Cursor's Fury (Codex Alera #3)(142)



"I might have," Fade said. "Whatever killed Septimus, I might have been able to stop it. Or at least slow it down enough to allow him to handle it. Even if I only managed to preserve him a single second, and even if I'd died doing it, it might have been all he needed."

"Or it might not," Isana said quietly. "You might have died senselessly with him. You know he wouldn't have wanted that."

Fade clenched his teeth, the tightened muscles of his jaw distorting the lines of his face. "I should have died with them. I wish I had." He shook his head. "Part of me died that day, Isana. Araris Valerian. Araris the brave. I ran from the fight. I left the side of the man I swore to protect."

Isana stopped and touched the brand upon his face. "This was only a disguise, Araris. A costume. A mask. They had to think you were dead if you were to be able to protect Tavi."

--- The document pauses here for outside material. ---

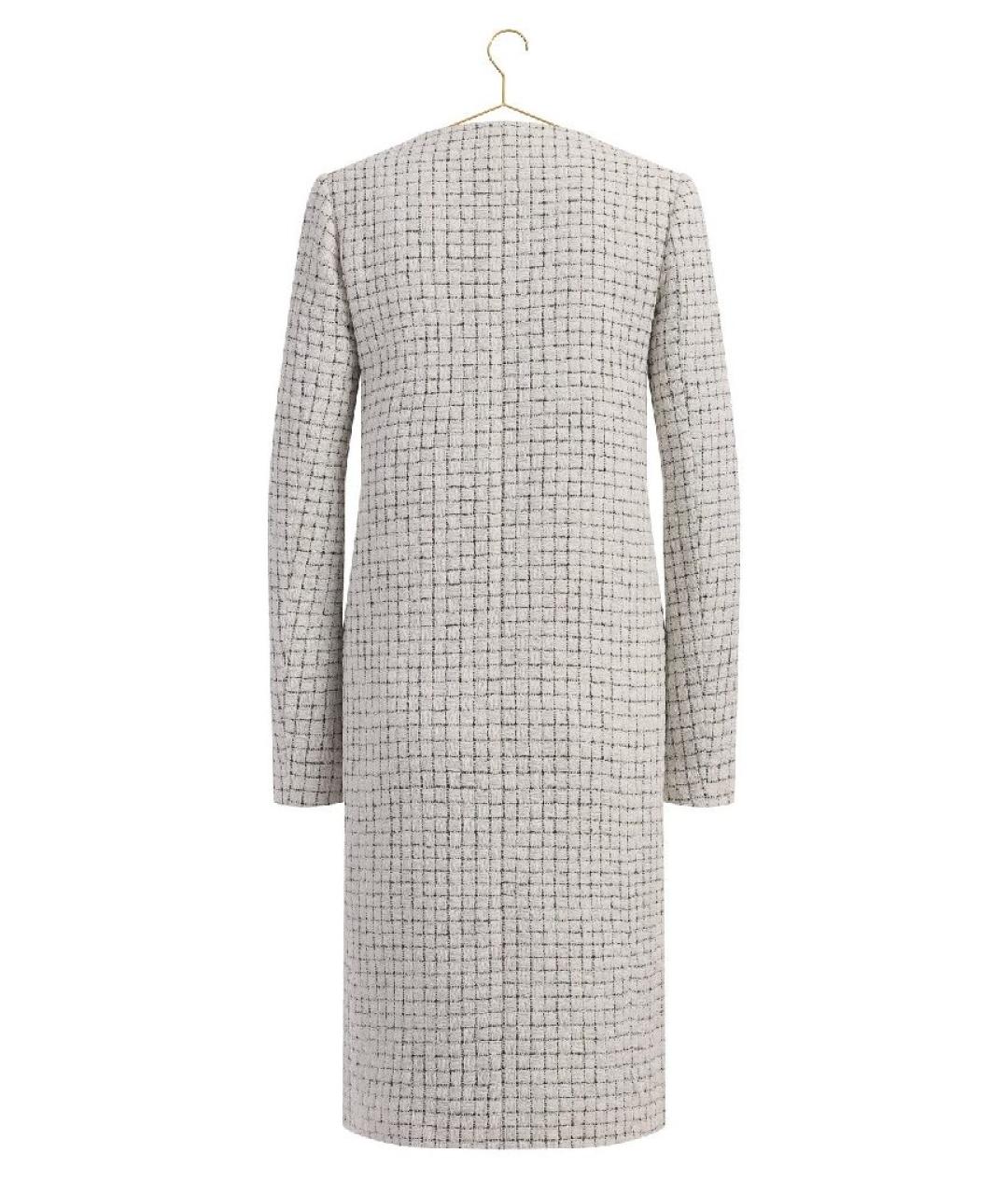 CHANEL Белый полиэстеровый костюм с юбками, фото 3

"It was a disguise," Araris said, bitter. "It was also the truth."

Isana sighed. "No, Fade. You are the most courageous man I've ever known."

"I left him," he said. "I left him."

"Because he wished you to protect us."

"And I failed him in that, as well. I let your sister die."

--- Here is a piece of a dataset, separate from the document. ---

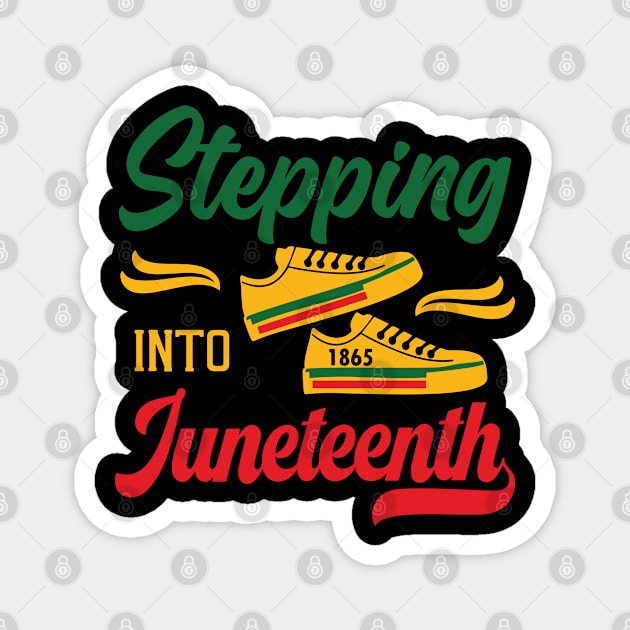 Juneteenth Magnet by For the culture tees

Isana felt a dart of remembered pain strike her chest. "There was nothing you could have done. That was not your fault."

"It was. I should have seen that Marat. Should have stopped him b-before-" Fade held his hands up to his ears and shook his head. "I can't do this anymore, I can't see him, see you, be there anymore, my lady please, just leave me, let me go to him, to my lord, left him, coward mark, coward heart..

He trailed off into incoherent babbling, and when his body thrashed weakly in the healing tub, trying to take his hand from hers, the image-Fade vanished again, leaving Isana alone with the mound of imaginary stones.

She went back to work.

Later, she blinked her eyes, forcing her thoughts back to the chamber in Cereus's citadel for a moment, looking around the room. Fade lay in the tub, muscles quivering in random little twitches. She reached across him to touch his forehead with her free hand, and confirmed what she already knew.

Fade had given up the fight. He did not want to recover.

His fever had grown worse.

He was dying.

The door opened and Giraldi paced quietly into the room, a mug of broth in his hand. "Steadholder?"

She gave him a faint smile as he passed her the mug. It was difficult for her to eat and keep food down, given the constant pain the crafting required, but it was vital that she do so. "Thank you, centurion."

"Course." He stumped over to the window and stared out. "Crows, Stead-holder. I always hated getting into a battle. But I think standing around like this is worse." The fingers of his sword hand opened and closed rhythmically upon his cane.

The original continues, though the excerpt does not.